9 Jun 2014

Tribe leader’s message to England team: help save our forest

Two weeks ago, with World Cup 2014 preparations in full swing, protesters from the Kayapo people of the Amazon joined other indigenous people in a clash with the Brazilian riot police.

Just now, two of them walked into the Channel 4 News studio to tell me why they’re on the streets.

Chief Raoni, who’s 84, spoke in his native language while Chief Megaron, 63, translated that into Portuguese, while yet another translator put it into English.

“I like football,” says Raoni, “and the children in our village play it well. But we also have our own sport, hitting coconuts with our war clubs. If the canopy of the forest disappears, and the sun is hot, and strong winds blow – our lifestyle will also disappear.”

I asked if they have a message for the English football team and fans. Raoni said: “Please tell those clearing the forest to stop. I am very worried about it.”

The Kayapo live in a protected area of the Amazon, but the two men showed me on the map how, right up to the borders of that area – which is the size of the UK – there has been massive deforestation. Megaron’s fingers traced the route of the river Xingu: from the soya plantations upstream into the waters where they drink and fish.

The water is now so polluted, they tell me, that “we cannot see the fish when we are trying to hunt them with bow and arrow”.

09_rainforest_w

The 8,000 people in the tribe depend on a fragile ecosystem supporting 250 food plants and more than 600 medicinal plants.

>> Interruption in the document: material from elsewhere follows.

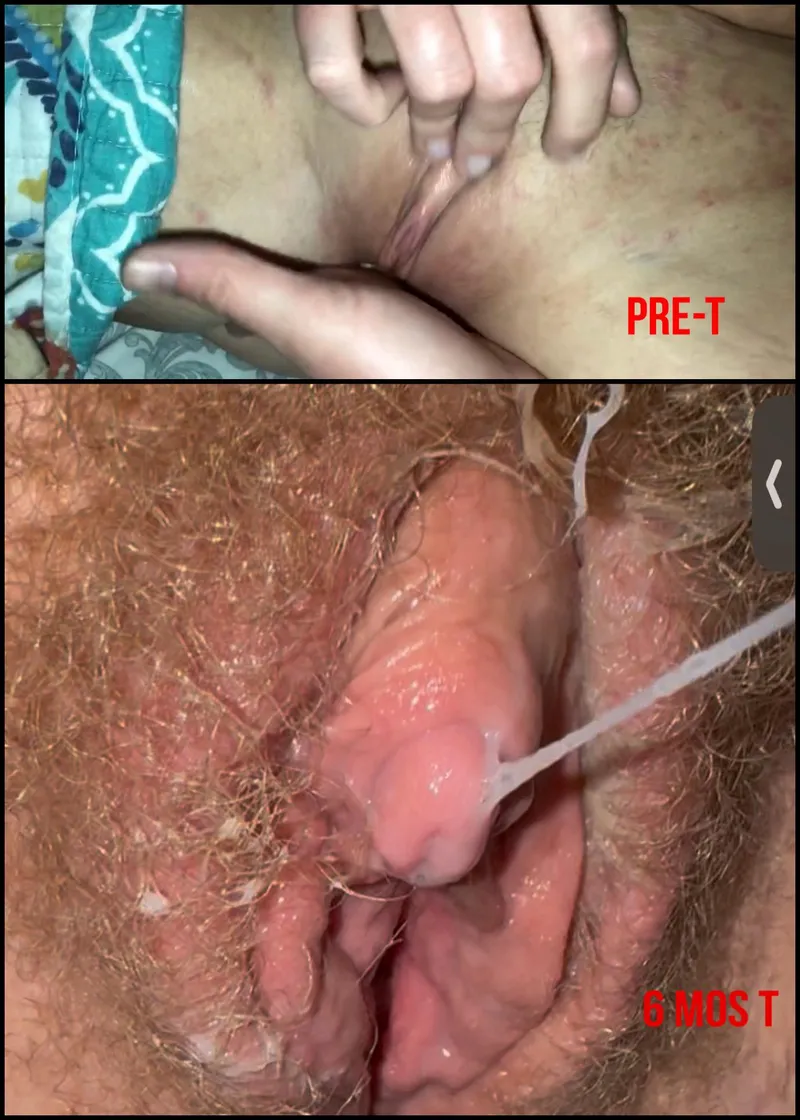Thumbnail BegginForMore's Big Clit Transformation Story: Energy, Health & Desires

Campaigners have mounted a legal battle to prevent a massive dam at Belo Monte, which they claim will ruin the habitat of the indigenous people.  Each time an open court judgment goes against development of the Amazon, the Brazilian Supreme Court has set it aside in closed chambers.

Raoni has a three inch lip plate and some very impressive ear adornments. When I tried to thank the two men, the translator told me there is no word for thank-you in their language, because if you give a gift it’s up to you: instead the word “maycumbre” expresses wellbeing.

Interviewing Chief Raoni, albeit on a burning modern issue, was also like conversing with the deep past of the human race: the Kayapo were not contacted until 1965.

It’s one of the most amazing encounters I’ve ever had – and one that nobody in the world will be able to have again if we let development and resource speculation destroy what’s left of the world’s indigenous peoples.